Greece faces bankruptcy and capital controls within days if Eurozone finance ministers fail to strike a bailout deal at an emergency meeting in Brussels today, the chairwoman of Greece’s largest bank has warned.
Louka Katseli, chair of the National Bank of Greece, told City A.M. that without a deal Athens risked a technical default before the end of June.
Analysts have assumed the hard deadline was 30 June, when Greece is due to make a bundled €1.6bn loan repayment to the IMF.
Greek officials flew into Brussels last night ahead of a frantic period of horse-trading between Greece and its lenders to try and unlock an emergency bailout fund for the country.
“If an agreement is not reached, there is a risk this would mean the Greek state is considered to be in default, and this might come earlier than the end of the June,” Katseli warned.
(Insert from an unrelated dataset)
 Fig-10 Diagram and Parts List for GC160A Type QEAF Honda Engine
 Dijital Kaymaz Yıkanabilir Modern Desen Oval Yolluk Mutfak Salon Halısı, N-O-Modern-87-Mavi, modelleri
“If the Greek state is in default then the Greek banking system is in default – this would be uncharted waters, it has never happened before.”
The warning comes just days after a failed set of talks in Luxembourg, which saw Greek finance minister Yanis Varoufakis hit out at his Eurozone peers for reiterating their position that Greece was not putting forward serious reform proposals.
Technocrats from Greece and Brussels worked through the weekend to try to reach as much agreement as possible before today’s meetings of finance ministers and heads of state. But capital controls are expected within days if no deal is hammered out today. Analysts from JP Morgan estimate around €6bn (£4.3bn) left Greek banks last week.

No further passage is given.